Listed entries:
· · ·

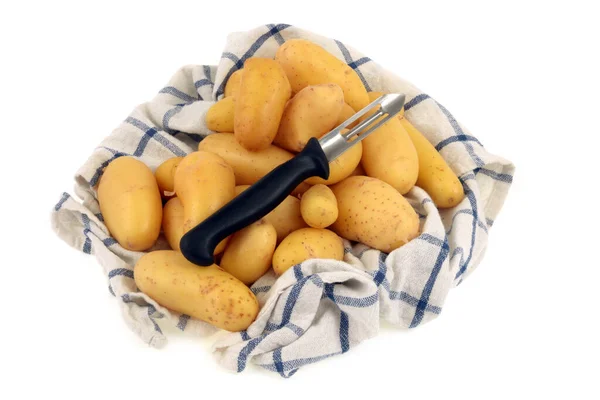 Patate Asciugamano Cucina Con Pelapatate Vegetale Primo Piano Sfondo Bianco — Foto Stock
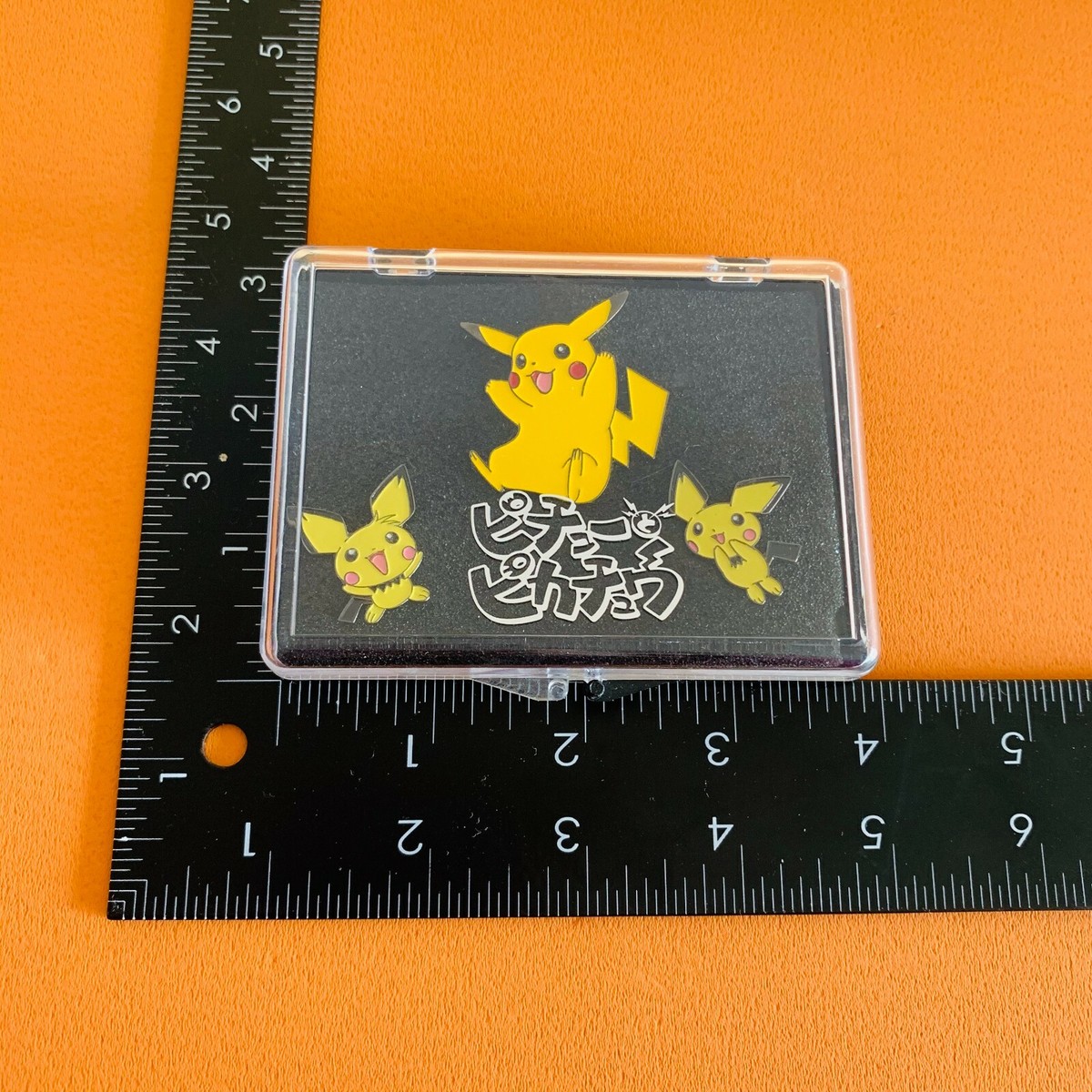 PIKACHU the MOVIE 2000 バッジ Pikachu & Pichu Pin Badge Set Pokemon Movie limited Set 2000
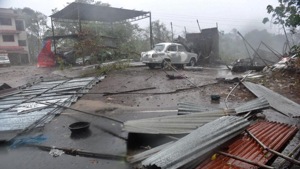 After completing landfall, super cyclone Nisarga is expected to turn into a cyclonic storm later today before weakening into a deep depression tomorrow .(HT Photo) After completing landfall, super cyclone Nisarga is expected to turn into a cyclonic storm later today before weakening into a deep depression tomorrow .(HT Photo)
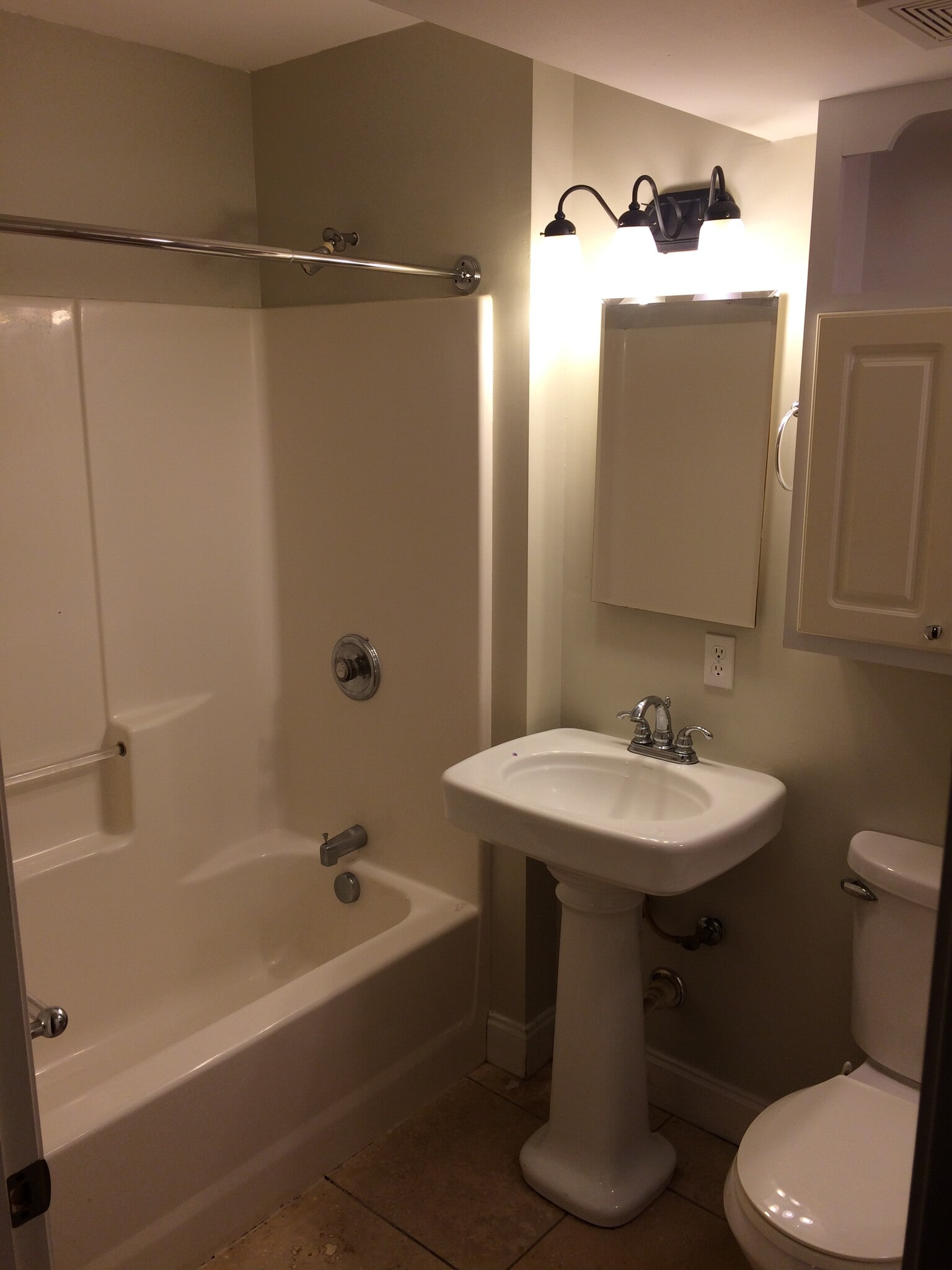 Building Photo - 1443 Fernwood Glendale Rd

· · ·

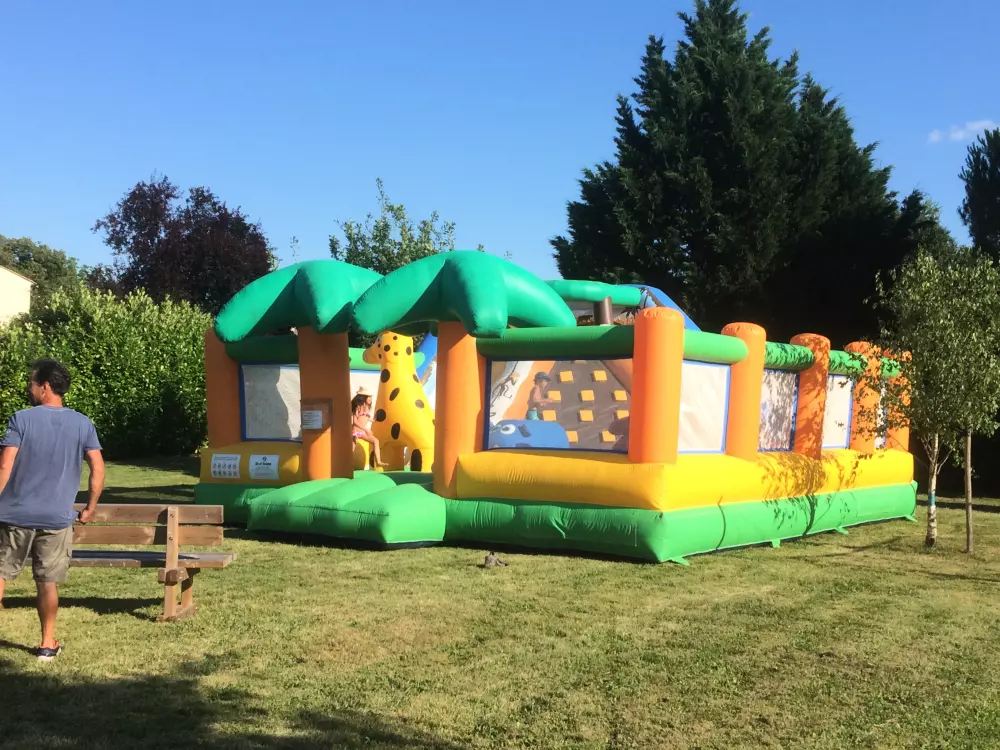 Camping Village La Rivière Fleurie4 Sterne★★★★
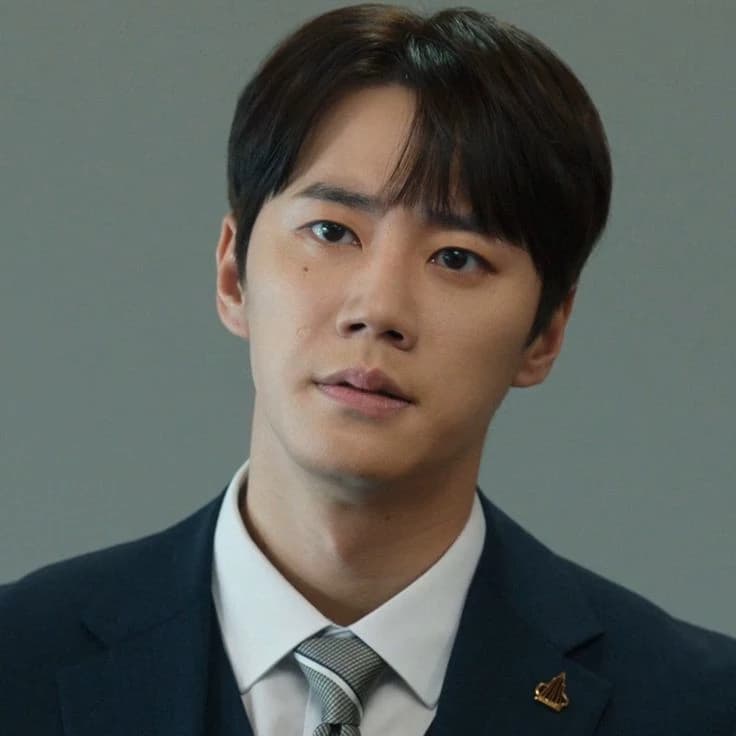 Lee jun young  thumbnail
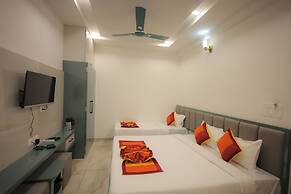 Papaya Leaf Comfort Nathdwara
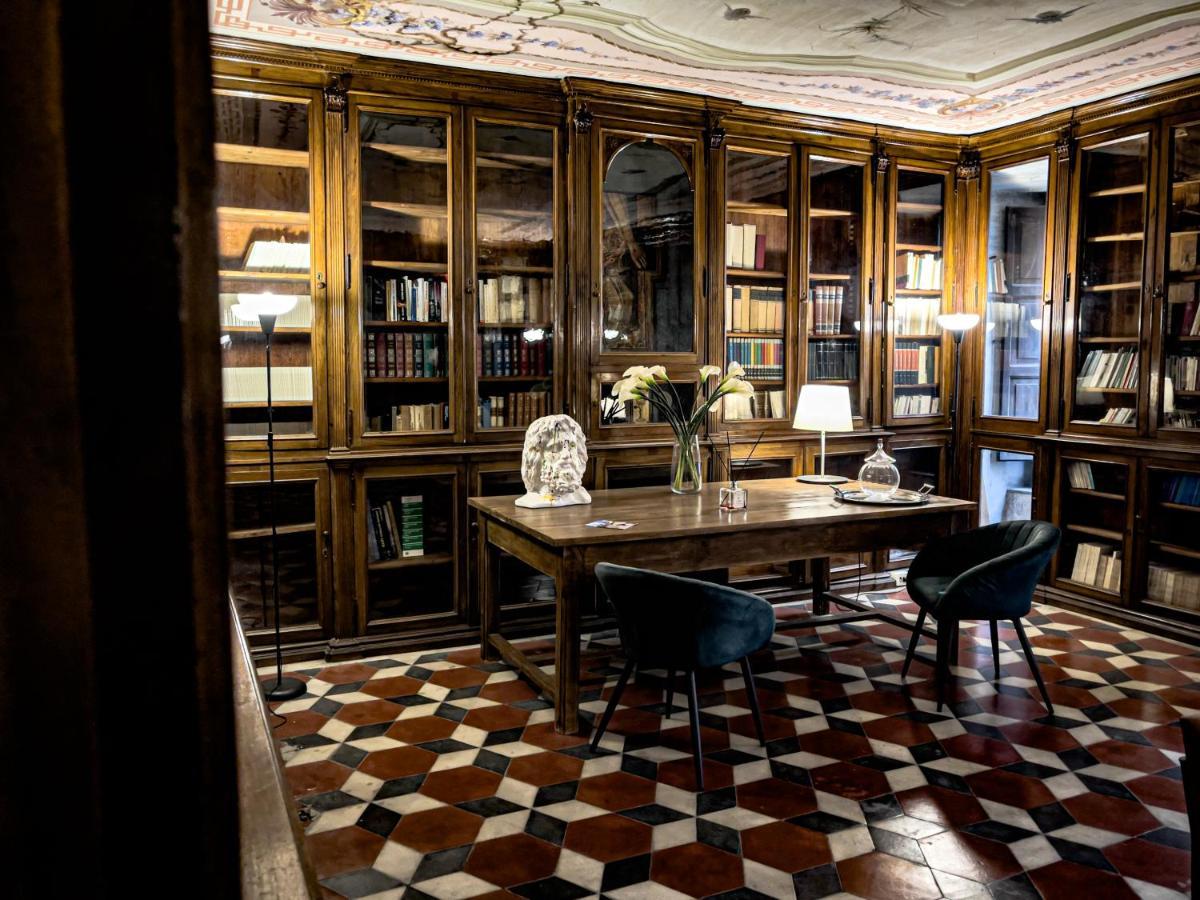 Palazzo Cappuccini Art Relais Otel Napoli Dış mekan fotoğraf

· · ·

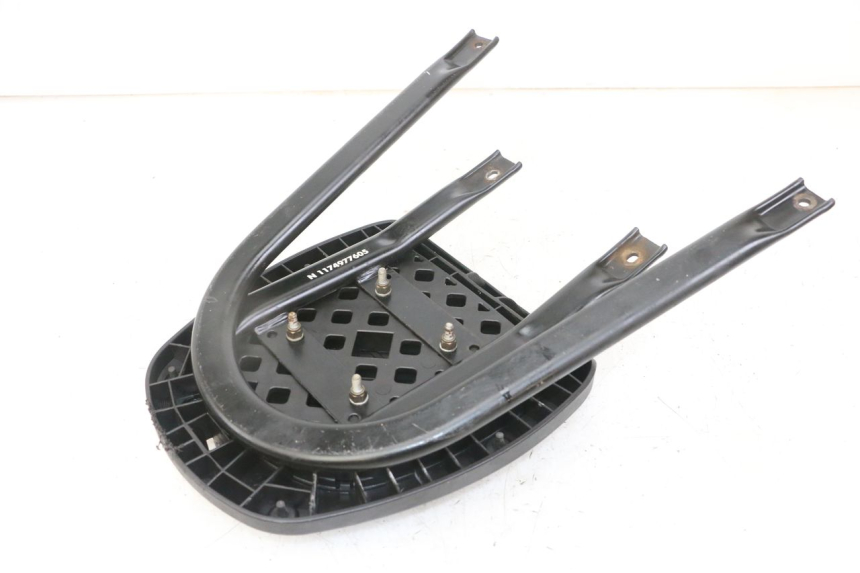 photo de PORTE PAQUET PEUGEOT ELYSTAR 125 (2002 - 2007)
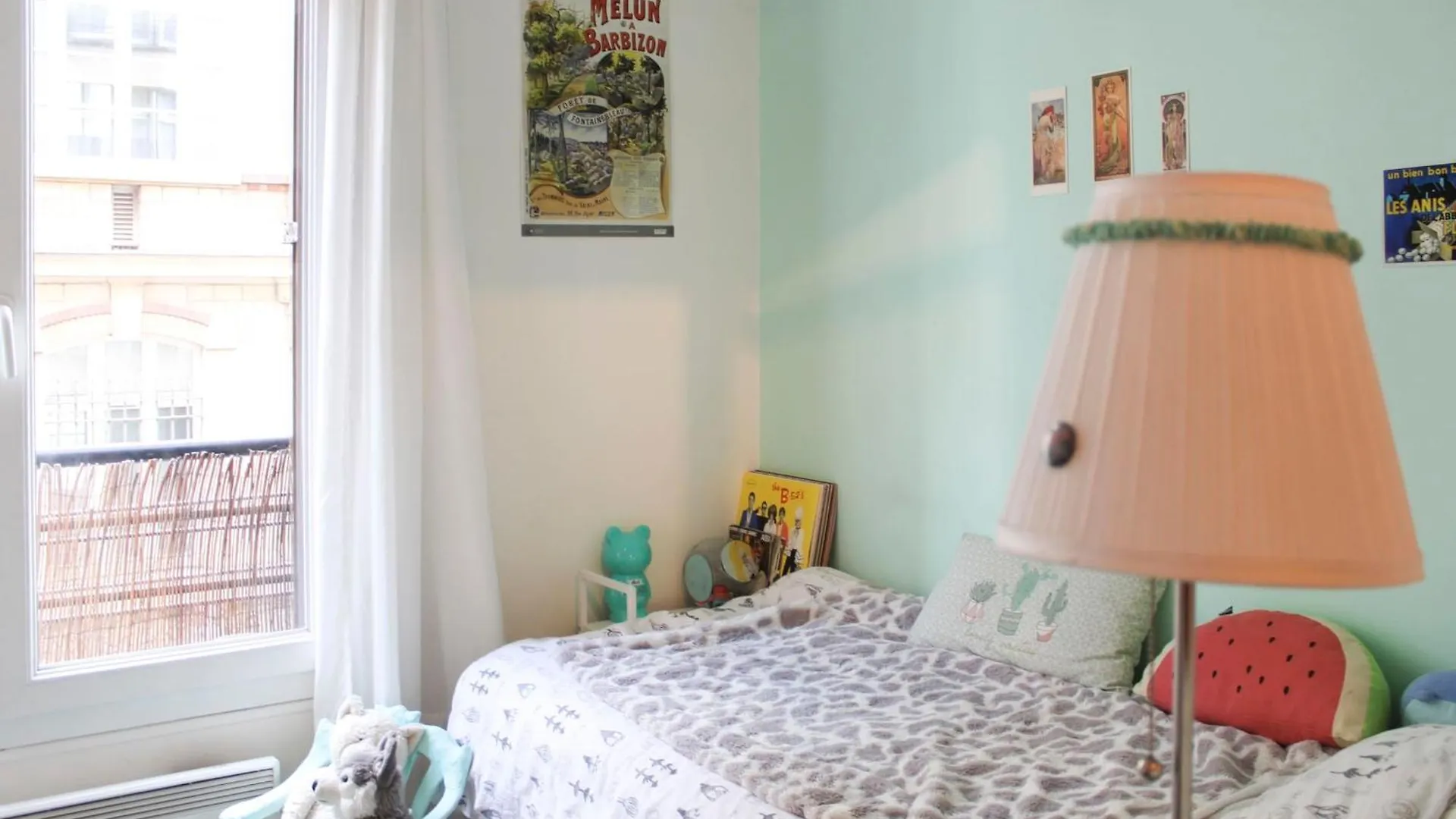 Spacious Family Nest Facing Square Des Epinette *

· · ·

About this exercise: Would you print exactly the lines in the listing above, from the line bearing "Patate Asciugamano Cucina" through the line bearing "PIKACHU the MOVIE", leaving out all pictures?

Task solution:
 Patate Asciugamano Cucina Con Pelapatate Vegetale Primo Piano Sfondo Bianco — Foto Stock
 PIKACHU the MOVIE 2000 バッジ Pikachu & Pichu Pin Badge Set Pokemon Movie limited Set 2000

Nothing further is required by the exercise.